Two Cases of Broncholith Removal under the Guidance of Flexible Bronchoscopy
Article information
Abstract
Most broncholiths are related to infection with fungus or tuberculosis and they involve the lymph nodes; those cases that are caused by silicosis are rarely seen. Broncholith might lead complication such as bronchial rupture into the mediastinum, which can result in hemoptysis, cough, repeated pneumonia and so on. Flexible bronchoscopy plays an important part in the diagnosis of broncholithiasis, but its therapeutic application in the clinical setting is controversial. We report here on two cases of broncholith removal without complication with the use of a balloon catheter and tripod forceps using flexible bronchoscopy.
INTRODUCTION
Broncholith is an uncommon medical problem. When considering broncholiths from a therapeutic standpoint, the role of bronchoscopy has been somewhat controversial. We report here on two cases of successful removal of broncholith that were done without any clinically significant complications by using flexible bronchoscopy.
CASE REPORT
Case 1
A 65-year-old male patient was admitted to the hospital for the evaluation of atelectasis, and he had a history of recurrent hemoptysis and pneumonia for a few years. The broncholith was impacted at RB9, and there was inflammation of the surrounding mucosa on bronchoscopy. We removed the broncholith using a tripod forcep and the inflammation subsided afterwards (Figure 1).
Case 2
A 37-year-old female patient was referred from a general hospital due to a calcified lymph node from an unknown cause that was discovered on computerized tomography during the treatment for her pneumonia and parapneumonic effusion. Bronchoscopy revealed the impacted broncholith and exudate at the right lower opening. Fungus was cultured from the bronchoaleveolar lavage fluid. We removed the broncholith using a balloon catheter and tripod forcep after antifungal treatment (Figure 2).
DISCUSSION
Broncholiths are calcified peribronchial lymph nodes that encroach upon the adjacent airways and they cause clinical and roentgenographic abnormalities1). Mycobacterial and fungal granulomatous lymphadenitis are the most frequently cited infections that are responsible for tissue calcification, although silicosis is a less commonly associated noninfectious cause. The most common infectious complication resulting from broncholithiasis appears to be bacterial pneumonia that is generally due to airway obstruction by a broncholith and also to the associated airway inflammation and edema. Lung abscesses along with bronchoesophageal and bronchomediastinal fistulas are potentially more serious complications arising from symptomatic broncholithiasis, and these complications are responsible for cases of prolonged or recurrent infection2). In our case, both patients had recurrent and prolonged pneumonia.

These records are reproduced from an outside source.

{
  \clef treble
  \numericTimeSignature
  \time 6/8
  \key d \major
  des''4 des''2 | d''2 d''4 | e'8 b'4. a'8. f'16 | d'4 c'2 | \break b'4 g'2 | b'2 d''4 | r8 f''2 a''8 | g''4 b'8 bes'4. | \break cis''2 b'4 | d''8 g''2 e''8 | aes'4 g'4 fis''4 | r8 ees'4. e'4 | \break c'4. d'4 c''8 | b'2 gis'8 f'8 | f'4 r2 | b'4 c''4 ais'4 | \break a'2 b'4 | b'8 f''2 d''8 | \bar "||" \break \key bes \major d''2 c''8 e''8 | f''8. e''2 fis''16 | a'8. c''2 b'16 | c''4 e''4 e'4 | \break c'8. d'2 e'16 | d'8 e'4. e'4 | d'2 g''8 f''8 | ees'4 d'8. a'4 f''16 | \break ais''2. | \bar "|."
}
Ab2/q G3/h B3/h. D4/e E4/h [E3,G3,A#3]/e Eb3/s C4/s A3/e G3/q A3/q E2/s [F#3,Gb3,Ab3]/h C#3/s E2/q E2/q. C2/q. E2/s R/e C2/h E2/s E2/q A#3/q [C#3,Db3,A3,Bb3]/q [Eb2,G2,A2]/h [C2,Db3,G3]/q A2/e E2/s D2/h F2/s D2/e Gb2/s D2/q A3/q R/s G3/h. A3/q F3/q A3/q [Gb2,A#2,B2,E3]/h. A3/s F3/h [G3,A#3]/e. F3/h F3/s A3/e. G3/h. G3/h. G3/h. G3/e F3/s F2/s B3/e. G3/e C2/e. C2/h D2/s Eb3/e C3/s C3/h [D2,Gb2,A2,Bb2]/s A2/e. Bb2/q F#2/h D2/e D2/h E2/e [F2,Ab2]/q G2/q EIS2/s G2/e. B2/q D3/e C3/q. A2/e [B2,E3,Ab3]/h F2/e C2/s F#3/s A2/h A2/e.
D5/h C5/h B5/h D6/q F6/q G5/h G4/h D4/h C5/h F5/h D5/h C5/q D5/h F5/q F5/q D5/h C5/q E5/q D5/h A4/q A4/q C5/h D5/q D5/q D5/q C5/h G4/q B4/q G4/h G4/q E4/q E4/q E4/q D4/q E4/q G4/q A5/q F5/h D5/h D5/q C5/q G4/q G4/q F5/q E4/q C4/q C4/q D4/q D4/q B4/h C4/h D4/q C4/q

Bronchoscopy is considered the most important diagnostic test for broncholithiasis. However, its role in the treatment of broncholithiasis is controverial. Olson and his coworkers3) reported that 100% of their patients with loose (free in the airway) broncholiths underwent flexible and rigid bronchoscopic extraction attempts without severe complications. Massive life-threatening hemoptysis secondary to fistula or rupture of aorta or pulmonary arteries is a possible complication, but generally, massive hemoptysis caused by broncholithiasis is a rare complication3-5).
As compared with the morbidity and mortality associated with surgical intervention, bronchoscopic management appears favorable for patients with loose or partly eroded broncholiths6). Loose, movable broncholiths are especially suitable for removal by bronchoscopic extraction in the clinical setting having capabilities for rigid and flexible bronchoscopy and immediate thoracic surgical support, and after the relation of the broncholith to adjacent vascular structures has been studied by computerized tomography3).